And yet, despite the formula, it’s all fun.

The two find out that Beckett’s encounter at the Drive-Through of Love was valid when they go to apply for a license. This starts Castle gently teasing his wife-to-be about her first nuptials “Given his (criminal) record, I’m surprised you stayed with him all these years,” a wise choice considering the meltdown that such a thing might cause in real-life, and it’s largely this and the cutaways to the Ryan/Esposito and Alexis and Martha’s preparations for the wedding that keeps the tone upbeat. As a result, we know they will get this resolved, and almost certainly before the end of the episode.

While Castle stays in Manhattan to keep the wedding on-track, Beckett finds Old Flame Rogan O’Leary (Eddie McClintock of Warehouse 13, in a great geek get), another in the list of remnants from “KitKat’s” wild past, who blackmails her into retrieving (stealing) an item he needs from his ex-girlfriend, something Beckett does easily only to have Old Flame stolen from her when she comes to collect the signature on their divorce papers. She calls Castle, who immediately joins her, and when they return to O’Leary’s apartment, they are accosted by a motorcycle gang to whom O’Leary owes money. Normally this would not be a problem (Castle’s writers are usually pretty quick with the Crimefighting with Cash trope), but it seems that Castle left his lone ATM card with Alexis (really? a multimillionaire with a single bank account?), so he cannot buy them out of the situation this time.

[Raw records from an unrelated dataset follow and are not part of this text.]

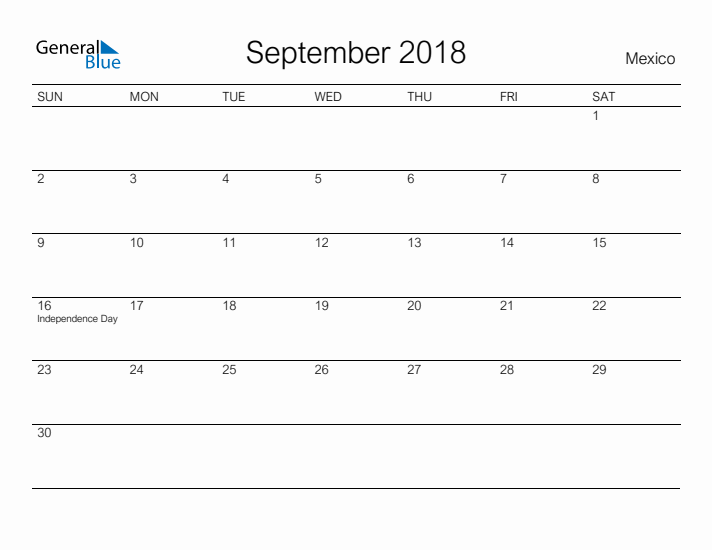 Printable September 2018 Calendar for Mexico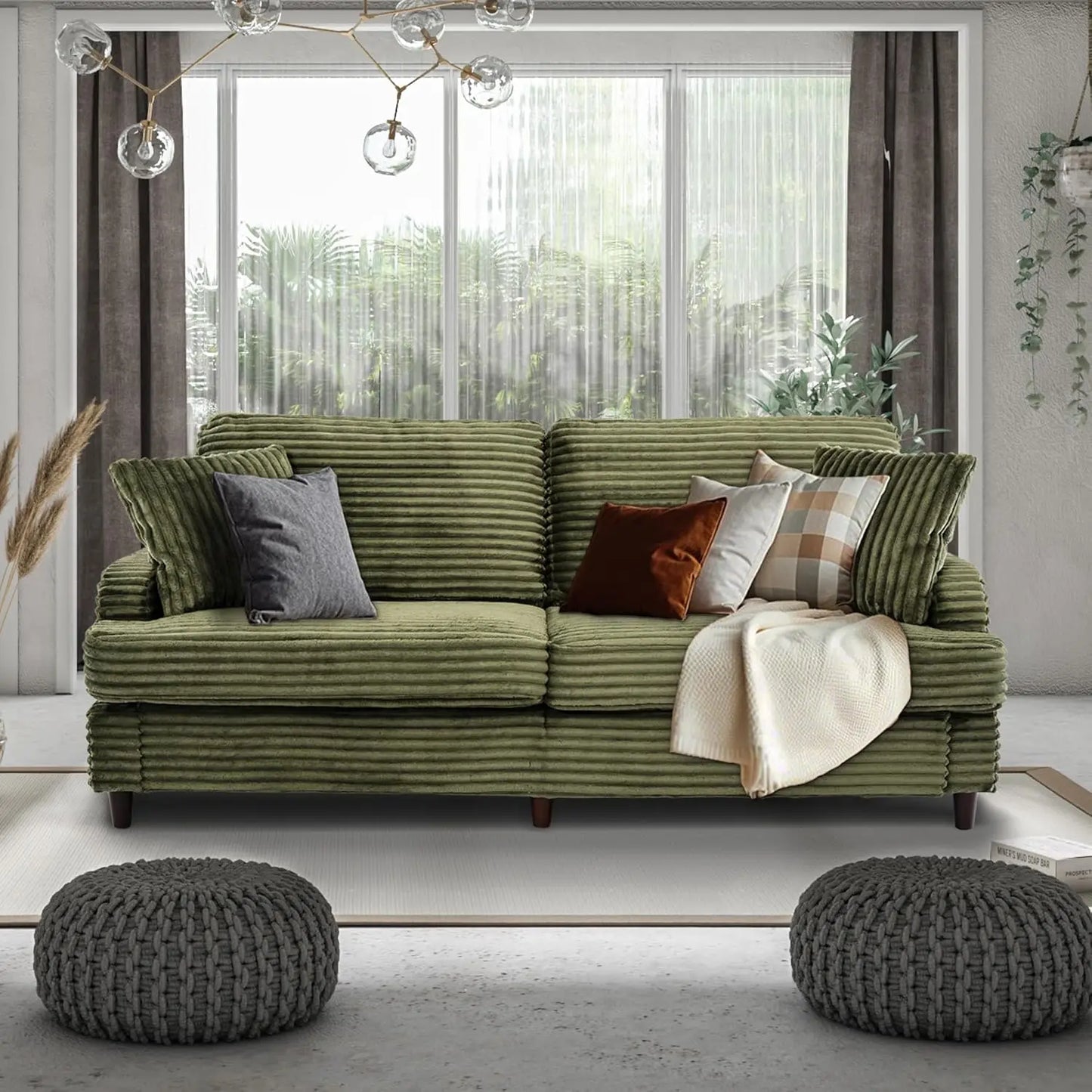 Plush Three Seater Sofa Couch For Living Room Comfort
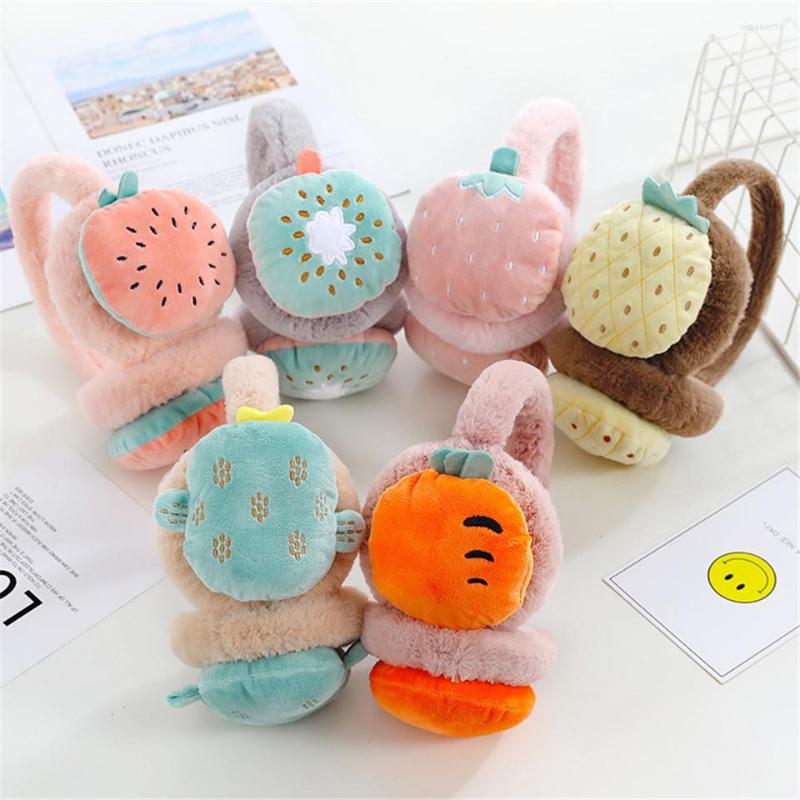 

Berets Cute Fruit Earmuffs For Womens Girls Winter Ear Warm Comfortable Skiing Soft Plush Headband Lovely Headphones Children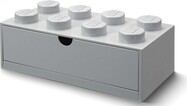 LEGO® stolný box 8 so zásuvkou šedá 316 x 158 x 113 mm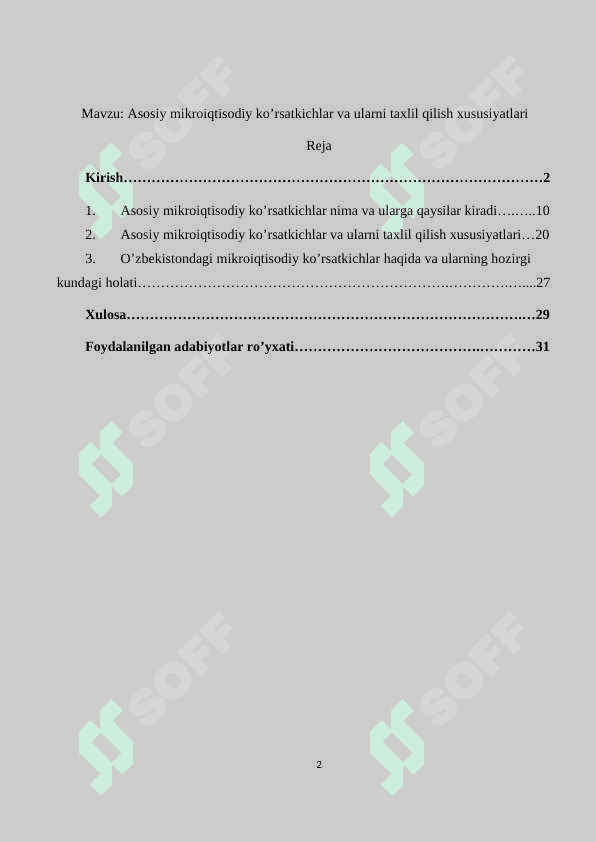 Asosiy mikroiqtisodiy ko’rsatkichlar va ularni taxlil qilish xususiyatlariAsosiy mikroiqtisodiy ko’rsatkichlar va ularni taxlil qilish xususiyatlari 2
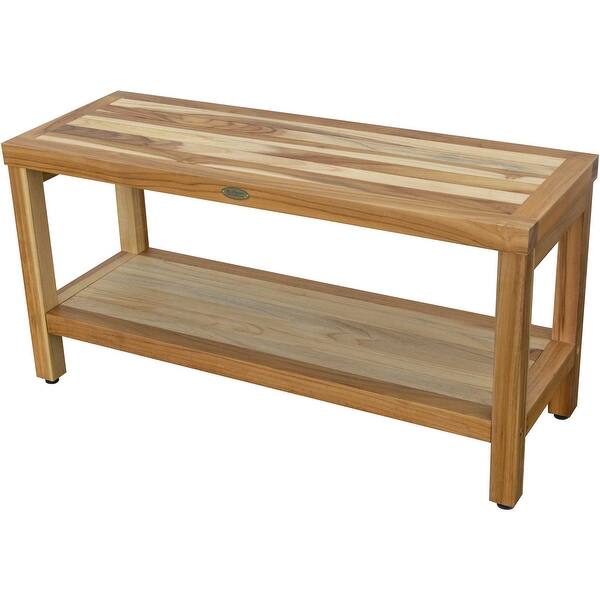 large rectangular teak bench with shelf in natural finish large rectangular teak bench with shelf in natural finish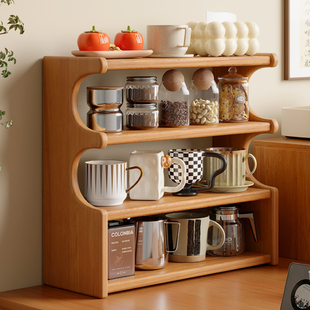 实木杯架防尘桌面茶杯茶具水杯架餐边柜台面咖啡杯杯子收纳置物架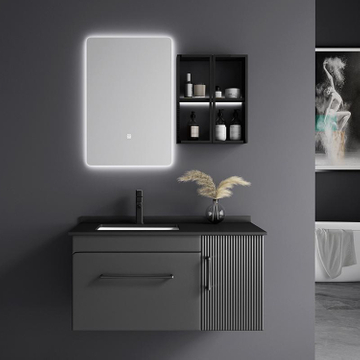 100cm PVC Floor Standing Transitional Bathroom Vanity Cabinet with Ceramic Sink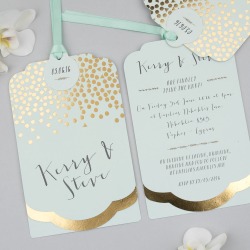 Scatter Foil Luxe Invitation Suite, Gold Foil On Mint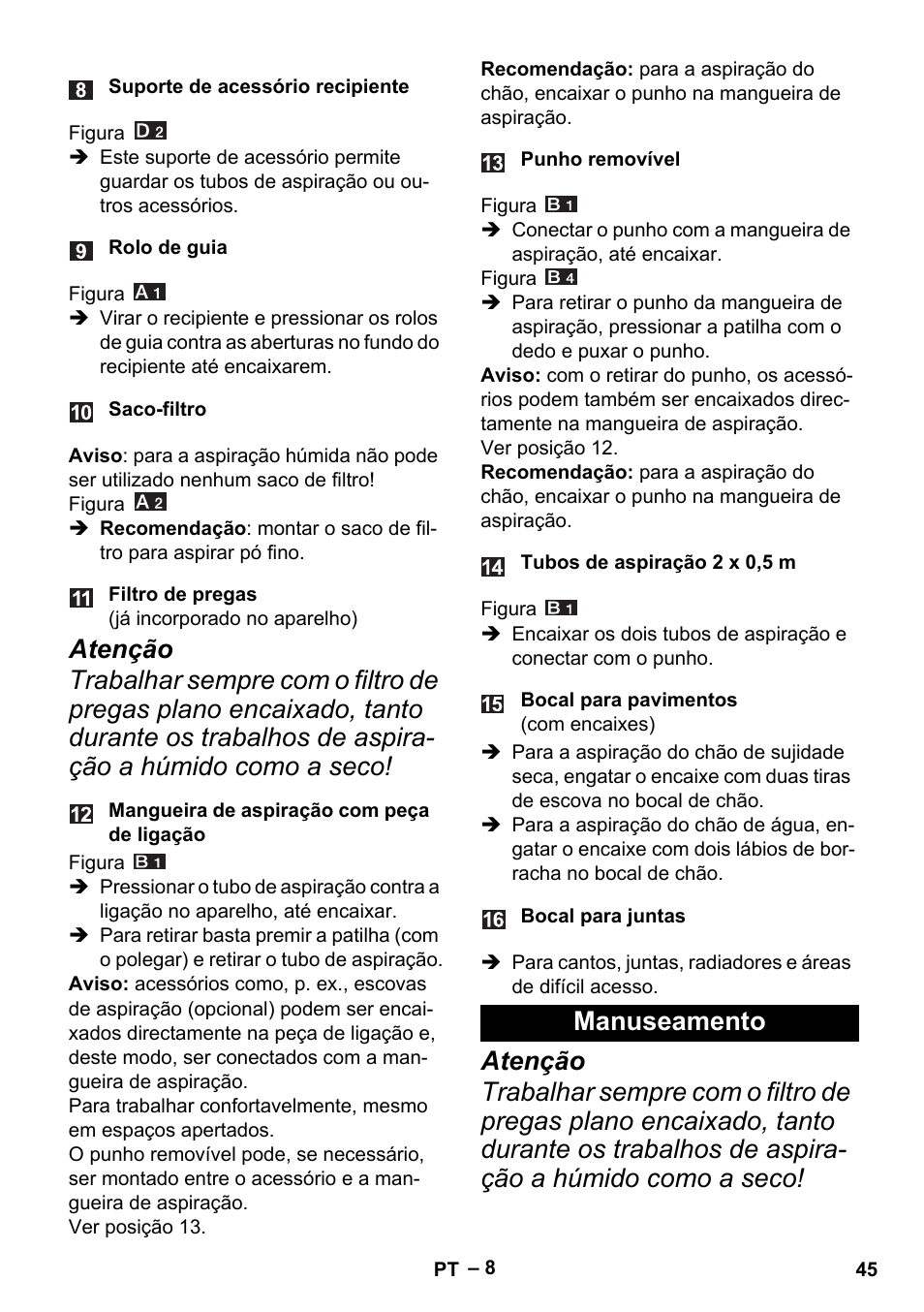 Manuseamento | Karcher MV 4 User Manual | Page 45 / 190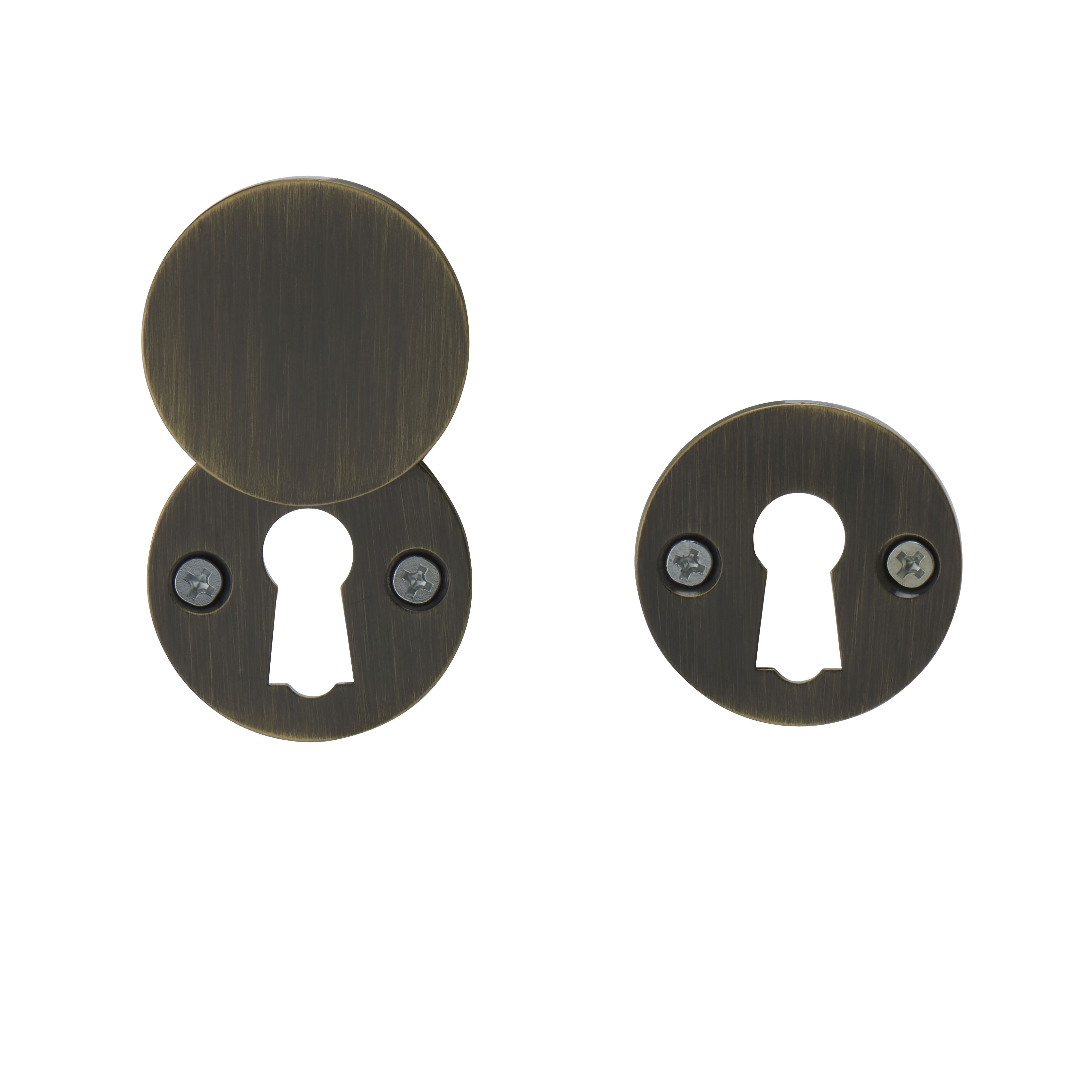 Colours Seaca Antique brass effect Zinc alloy Keyhole cover, Pack of 1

And that situation, of course, escalates from there, as each clue uncovers level after level of criminal and immoral behavior in the O’Leary’s small upstate New York town, and all the while, the adventure is funny and upbeat—like when Beckett unties the kidnapped ex, but only enough for him to sign the divorce papers. And O’Leary’s may not be a straight shooter, of course, but he’s not altogether a bad guy, and he keeps us laughing by taking to calling Castle “Man Parts.”

Beckett and Man Parts eventually set up one bad guy—the mobster in hiding—by luring him to where the other bad guys are waiting for them and offer him in lieu of the five grand the bikers think they are owed. O’Leary eventually signs the divorce papers (and the various looks on Man Parts’ face throughout the denouement of the O’Leary storyline are priceless), and Beckett and Man Parts rush off to the Hamptons to get married.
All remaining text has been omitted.